Cockayne syndrome (CS), also called Neill-Dingwall syndrome, is a rare autosomal recessive neurodegenerative disorder characterized by growth failure, impaired development of the nervous system, abnormal sensitivity to sunlight (photosensitivity), eye disorders and premature aging.[1][2][3] Failure to thrive and neurological disorders are criteria for diagnosis, while photosensitivity, hearing loss, eye abnormalities, and cavities are other very common features.[3] Problems with any or all of the internal organs are possible. It is associated with a group of disorders called leukodystrophies, which are conditions characterized by degradation of neurological white matter. The underlying disorder is a defect in a DNA repair mechanism.[4] Unlike other defects of DNA repair, patients with CS are not predisposed to cancer or infection.[5] Cockayne syndrome is a rare but destructive disease usually resulting in death within the first or second decade of life. The mutation of specific genes in Cockayne syndrome is known, but the widespread effects and its relationship with DNA repair is yet to be well understood.[5]
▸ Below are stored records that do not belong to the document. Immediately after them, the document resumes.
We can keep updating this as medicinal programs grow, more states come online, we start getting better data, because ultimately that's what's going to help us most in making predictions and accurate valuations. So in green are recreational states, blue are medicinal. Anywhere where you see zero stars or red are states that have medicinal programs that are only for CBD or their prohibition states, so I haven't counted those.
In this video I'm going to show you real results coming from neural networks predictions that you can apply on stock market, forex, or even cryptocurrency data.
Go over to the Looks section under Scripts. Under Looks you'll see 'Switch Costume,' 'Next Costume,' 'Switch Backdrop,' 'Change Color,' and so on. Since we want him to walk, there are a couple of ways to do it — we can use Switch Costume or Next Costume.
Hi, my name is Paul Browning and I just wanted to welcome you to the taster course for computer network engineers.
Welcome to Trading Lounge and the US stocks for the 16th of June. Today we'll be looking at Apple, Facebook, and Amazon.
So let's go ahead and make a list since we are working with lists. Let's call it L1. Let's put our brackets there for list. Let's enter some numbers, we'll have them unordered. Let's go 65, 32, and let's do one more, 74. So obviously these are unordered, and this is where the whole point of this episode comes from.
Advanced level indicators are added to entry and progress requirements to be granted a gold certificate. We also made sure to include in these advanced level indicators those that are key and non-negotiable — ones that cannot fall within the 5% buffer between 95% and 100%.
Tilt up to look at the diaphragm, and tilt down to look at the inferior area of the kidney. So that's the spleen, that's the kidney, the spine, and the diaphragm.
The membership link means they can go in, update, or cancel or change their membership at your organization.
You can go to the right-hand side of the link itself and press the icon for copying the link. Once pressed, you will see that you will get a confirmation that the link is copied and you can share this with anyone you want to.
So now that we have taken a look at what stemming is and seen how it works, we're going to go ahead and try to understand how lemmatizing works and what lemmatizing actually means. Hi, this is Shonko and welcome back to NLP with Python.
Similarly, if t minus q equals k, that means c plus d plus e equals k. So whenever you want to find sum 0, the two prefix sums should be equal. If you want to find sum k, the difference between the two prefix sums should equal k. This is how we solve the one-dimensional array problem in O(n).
It is named after English physician Edward Alfred Cockayne (1880–1956) who first described it in 1936 and re-described in 1946.[6] Neill-Dingwall syndrome was named after Mary M. Dingwall and Catherine A. Neill.[6] These women described the case of two brothers with Cockayne syndrome and asserted it was the same disease described by Cockayne. In their article the women contributed to the symptoms of the disease through their discovery of calcifications in the brain. They also compared Cockayne syndrome to what is now known as Hutchinson-Gilford progeria syndrome (HGPS), then called progeria, due to the advanced aging that characterizes both disorders.[6]
Forms
- CS Type I, the "classic" form, is characterized by normal fetal growth with the onset of abnormalities in the first two years of life. Vision and hearing gradually decline.[7] The central and peripheral nervous systems progressively degenerate until death in the first or second decade of life as a result of serious neurological degradation. Cortical atrophy is less severe in CS Type I.[8]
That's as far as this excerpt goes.